Reflection

Reflection

Saturday, September 7, 2013

Here Comes the Sun

I’ve had this one calculator since the late 1980’s.  It is lightweight, thin and has never malfunctioned in the twenty years I’ve carried it around.  It does everything in need it to do, and several functions on it that I haven't used since I had a calculus class.  Here’s the kicker – I have never had to replace the battery.  It is solar powered.  Check that – it even works under a light bulb.

The solar cell on it is just a tad more than 1 square inch.  The overall thickness of the entire housing is a quarter inch at its thickest.  I’ve had this durable and dependable technology since the tenth grade, yet I still have to heat the water in my house with petroleum products.  You would think that the implementation of this power would have advanced in this generation, but it seems to me that much of the solar energy hitting the earth is just plain wasted, short of the solar calculator on my desk.
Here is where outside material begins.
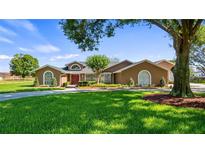 Charming single-story home with a well-manicured lawn, mature trees, and a welcoming red front door at 15245 Arabian Way, Montverde, FL 34756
I’ve often wondered about other kinds of wasted energy.  What about the kinetic energy exerted at the gym?  It seems that the treadmills and stair climbers could easily be harnessed to run the lights inside the facility.  Where does all that energy go, other than being converted to heat, which makes the operator run their air conditioner more in the summers?  There has been a renewed effort into placing buildings to passively exploit the energy of the sun, but when I was in school, many of us dismissed this as “hippie talk”.

I am guessing that many people have seen the children’s experiment where the chemical properties of the potato can be harnessed to run a small clock mechanism.  Or how about placing a mint candy into a diet cola that produces a huge release of carbon dioxide (I guess this is not a great thing for the environment, but let’s use it as an example).  Having been raised in Lancaster County, I’ve learned not to waste things.  I’ve got to think that there are more things we can do as the designers of the built environment that capture the spirit of my Casio Scientific Calculator. 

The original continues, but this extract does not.